Mike the Psych's Blog

What if psychologists ruled the world? In real life?


Coffee shops told to stop selling calorie-rich cakes

Public Health England (PHE) has criticised coffee shops for pushing customers to buy snacks.

They are working with the food industry to reduce the sugar content of foods in shops and are now looking at food eaten outside the home. Chief nutritionist Alison Teddistone said “Coffee shops have got a long way to go”

A muffin adds about 400 calories to an order. Just because it has a healthy sounding name it’s still part of the problem, she says, with all the little nudges to buy extras.

Major coffee chains have committed publicly to reducing sugar and now it is time for all to raise their game. More action is needed to tackle obesity”.

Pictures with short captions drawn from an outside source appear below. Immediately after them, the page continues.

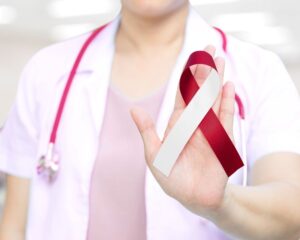 Medical professional holding oral cancer ribbon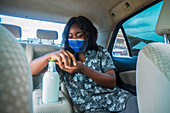 Woman using hand sanitiser in taxi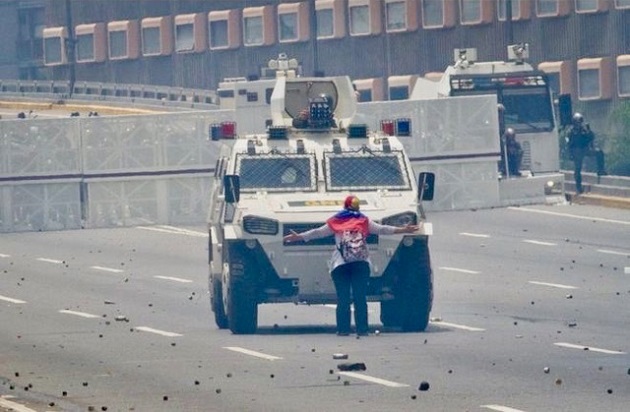Maria Jose, a 60+ year old Portugese-Venezuelan stood before an anti-riot tank asking the soldiers to back off. ,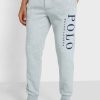 Šedé pánské tepláky s logem Ralph Lauren Šedé pánské tepláky s logem Ralph Lauren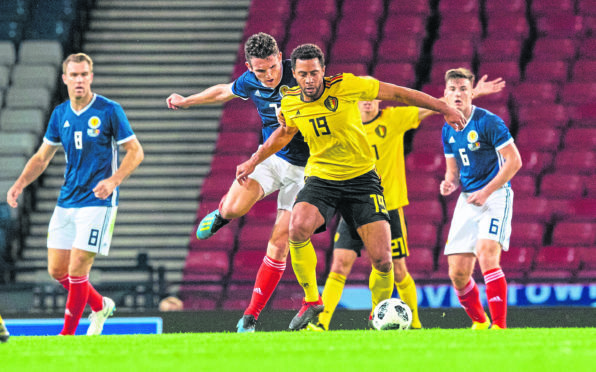 Scotland's John McGinn (left) battles with Belgium's Mousa Dembele.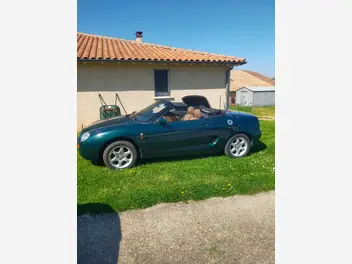 MG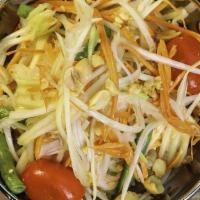 Papaya Salad · Central thai style green papaya salad with spicy chili lime dressing, grape tomato, green be...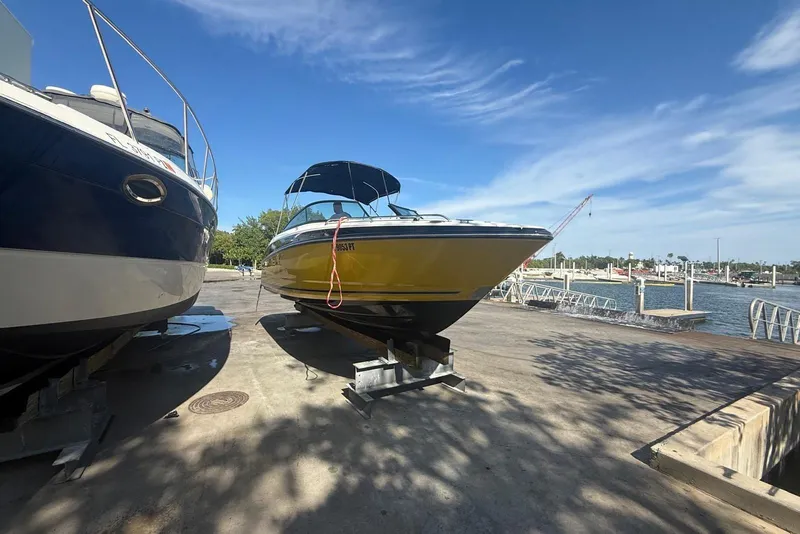 Slide: The Image of 2015 Monterey 264FS boat on dock, sunny day, marina background. - 3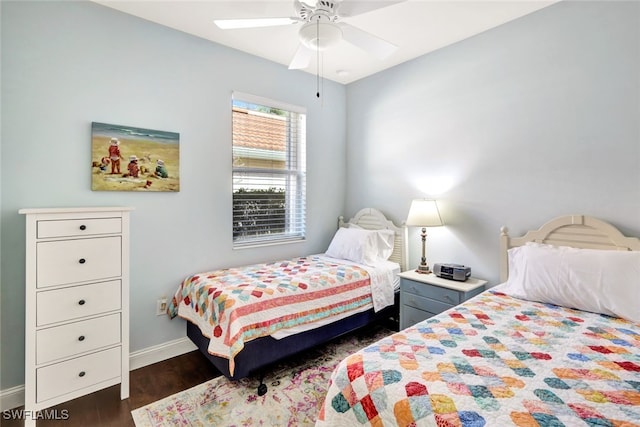 bedroom with dark hardwood / wood-style floors and ceiling fan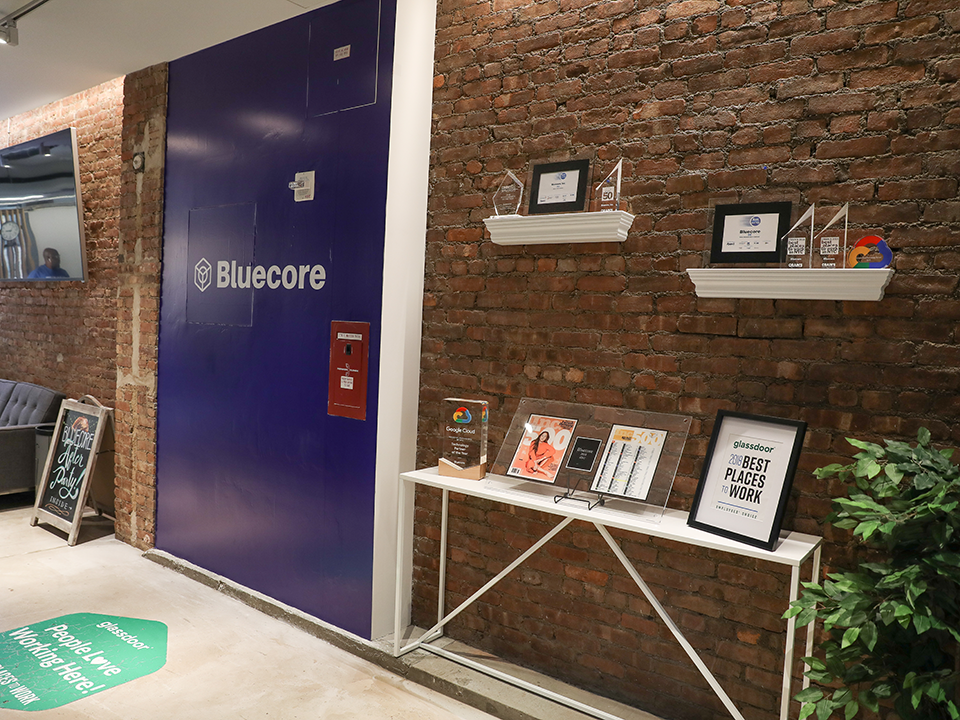 Inside the Bluecore office with the company logo on the wall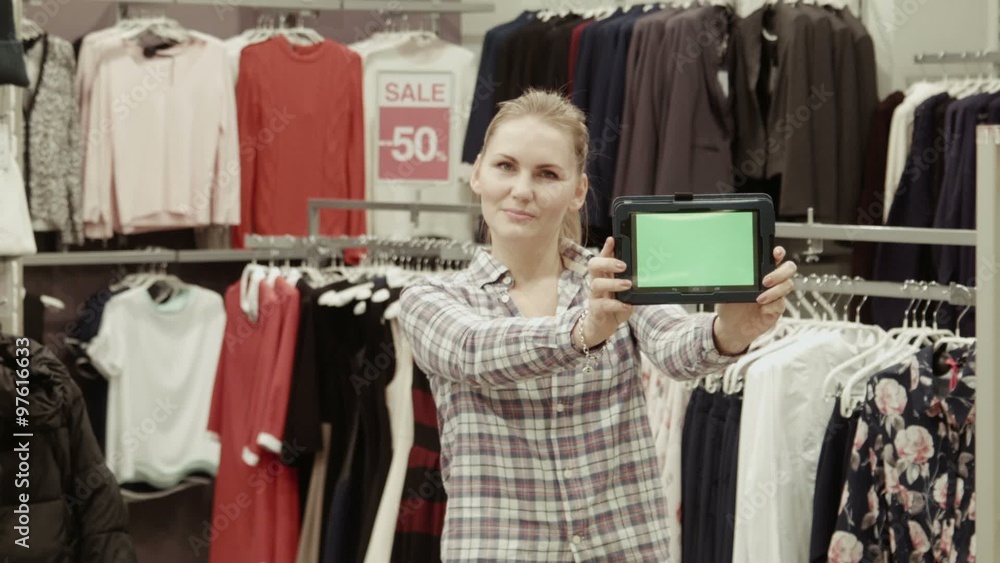 The seller shows the tablet with the green screen in mall The seller shows the tablet with the green screen in mall
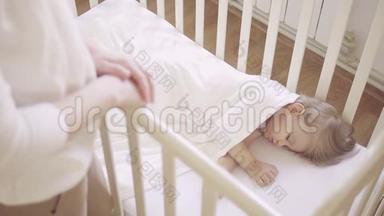 一个穿着白色衣服的女人站在<strong>婴儿床</strong>旁边，<strong>婴儿床</strong>上睡着一个小孩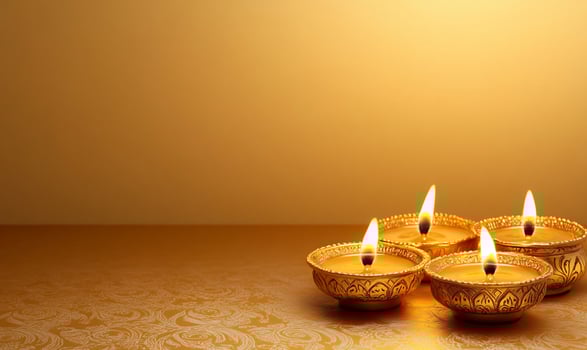 Four lit oil lamps on a golden background, symbolizing celebration and light. photo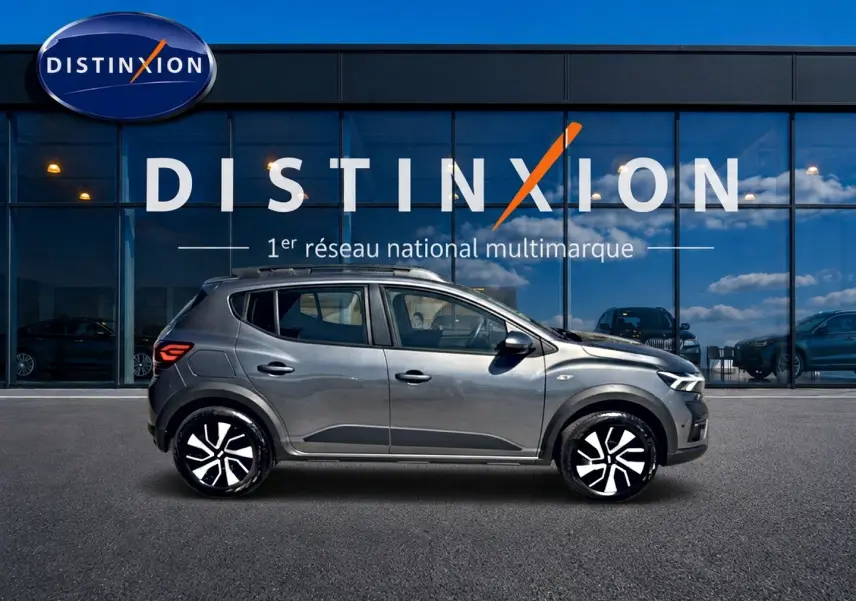 Vue de profil côté gauche d'une Dacia Sandero Stepway 2025 gris schiste avec barres de toit et jantes distinctives.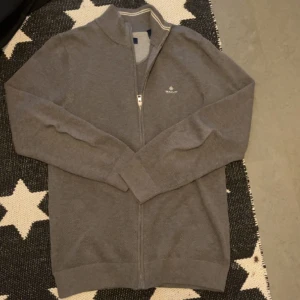 Stickad Gant helzip - En grå snygg stickad helzip från Gant. Är i toppskick och har ej använts myckrt eftersom den är för stor för mig. Storlek M men sitter nästan som L. Nypris är 1600 kr , mitt pris är 600.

PHE has set a target for cafés restaurants and coffee shops to reduce sugar in their everyday products by 20% by 2020. They are also concerned about takeaway deliveries who are doing a Facebook and saying they are “only connecting people”.  The government is also keen for restaurants, cafés and take-aways to list calories on their menus.

The WHO has warned this week that the UK was the 5th out of 176 nations for cancer linked to obesity. That is truly a shocking statistic, especially for an advanced country like the UK.

PHE said people know smoking is linked to cancer but don’t realise obesity is also increasing the risk of cancer (and diabetes and stroke).

FYI

  • Costa Coffee Blueberry muffin = 434 calories with 25.7 g of sugar
  • Costa Coffee bonfire spiced hot chocolate whole milk = 311 calories with36.5 g of sugar
  • Starbucks skinny blueberry muffin = 312 calories with 24 g of sugar
  • Starbucks venti oat vanilla latte = 438 calories with 52.2 g of sugar
  • Caffe Nero blueberry-filled muffin = 418 calories with 29.1 g of sugar

NHS advises only 30 g of sugar per day

This is all very well but perhaps if people exercised more then they could enjoy these treats in moderation.

And I’ve previously posted about Costa Coffee’s decision to impose semi-skimmed milk on customers without warning or having signs anywhere. They say it’s for health reasons yet still encourage people to have syrup, marshmallows and chocolate logs in their coffee. How hypocritical is that?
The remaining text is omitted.